### Exercise details
Exactly as written, repeat all of the records below.

┌─ Data section

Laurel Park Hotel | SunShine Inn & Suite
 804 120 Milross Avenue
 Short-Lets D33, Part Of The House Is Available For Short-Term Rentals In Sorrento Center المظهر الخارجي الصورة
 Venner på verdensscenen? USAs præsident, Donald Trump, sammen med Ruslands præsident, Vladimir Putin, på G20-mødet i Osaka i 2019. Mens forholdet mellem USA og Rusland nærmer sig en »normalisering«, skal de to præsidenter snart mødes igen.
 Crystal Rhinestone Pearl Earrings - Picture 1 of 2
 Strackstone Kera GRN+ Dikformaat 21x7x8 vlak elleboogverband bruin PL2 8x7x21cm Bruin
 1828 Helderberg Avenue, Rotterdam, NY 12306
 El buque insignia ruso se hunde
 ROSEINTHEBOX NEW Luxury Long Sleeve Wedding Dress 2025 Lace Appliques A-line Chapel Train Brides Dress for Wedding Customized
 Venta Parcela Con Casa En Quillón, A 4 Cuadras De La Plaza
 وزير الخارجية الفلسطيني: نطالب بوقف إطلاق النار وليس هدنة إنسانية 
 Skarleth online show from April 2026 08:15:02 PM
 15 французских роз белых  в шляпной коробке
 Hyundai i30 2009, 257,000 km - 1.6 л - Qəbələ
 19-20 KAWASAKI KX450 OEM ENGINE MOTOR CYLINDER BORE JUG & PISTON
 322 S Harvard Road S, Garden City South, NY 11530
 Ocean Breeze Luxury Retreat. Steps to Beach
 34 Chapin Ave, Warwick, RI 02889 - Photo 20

└─

### Response
Laurel Park Hotel | SunShine Inn & Suite
 804 120 Milross Avenue
 Short-Lets D33, Part Of The House Is Available For Short-Term Rentals In Sorrento Center المظهر الخارجي الصورة
 Venner på verdensscenen? USAs præsident, Donald Trump, sammen med Ruslands præsident, Vladimir Putin, på G20-mødet i Osaka i 2019. Mens forholdet mellem USA og Rusland nærmer sig en »normalisering«, skal de to præsidenter snart mødes igen.
 Crystal Rhinestone Pearl Earrings - Picture 1 of 2
 Strackstone Kera GRN+ Dikformaat 21x7x8 vlak elleboogverband bruin PL2 8x7x21cm Bruin
 1828 Helderberg Avenue, Rotterdam, NY 12306
 El buque insignia ruso se hunde
 ROSEINTHEBOX NEW Luxury Long Sleeve Wedding Dress 2025 Lace Appliques A-line Chapel Train Brides Dress for Wedding Customized
 Venta Parcela Con Casa En Quillón, A 4 Cuadras De La Plaza
 وزير الخارجية الفلسطيني: نطالب بوقف إطلاق النار وليس هدنة إنسانية 
 Skarleth online show from April 2026 08:15:02 PM
 15 французских роз белых  в шляпной коробке
 Hyundai i30 2009, 257,000 km - 1.6 л - Qəbələ
 19-20 KAWASAKI KX450 OEM ENGINE MOTOR CYLINDER BORE JUG & PISTON
 322 S Harvard Road S, Garden City South, NY 11530
 Ocean Breeze Luxury Retreat. Steps to Beach
 34 Chapin Ave, Warwick, RI 02889 - Photo 20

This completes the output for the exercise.